Back to learning something new. I decided I needed a direction, so I posted on social media and Twitter (Twitter is not social media, imo), asking for suggestions for my next poetry challenge. I didn’t promise to write, illustrate and publish another poetry book in less than a month, but I did indicate I might try.

Well, the challenge I got and accepted after some thought was a bit more complex than I’d anticipated. I don’t think I’ll manage another book in 30 days. It’s a whole new form to me and I’m loving it, hating it, cursing it—and learning it.

A villanelle is a sort of song poem with a rigid rhyme scheme that utilizes repeating lines, unlike most poetry. The best known one is Dylan Thomas’s “Do Not Go Gently Into That Good Night.” I have always loved that poem. I love the rhythm of it. I love the passion in it. I love the way you can almost unconsciously sing it without even meaning to.

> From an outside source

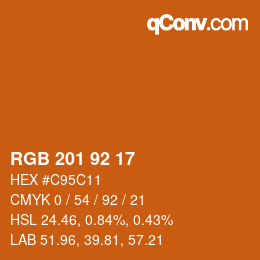 Color code: RGB 201 92 17 | qconv.com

The one thing I never loved because I never even noticed it was the rhyme.

How is that possible?? In multiple places “night” literally rhymes with “night”, “light” with “light”. How the heck did Thomas make his rhyme so invisible? It’s awesome that he did, because a poem with too heavy a rhyme will be singsongy and irritating. It may sound contrived. How did Thomas manage a poem with such a rigid rhyme scheme and make it sound natural?

The answer, of course, is that so much of the rest of the poem is more important than the rhyme. The passion, the theme, the message, the rhythm. All the things I’ve noticed that I love.

So that’s my new challenge. Write villanelles that don’t sound like they have a rhyme scheme. Or at least write villanelles where the rigid rhyme scheme doesn’t interfere with the message and passion of the poem.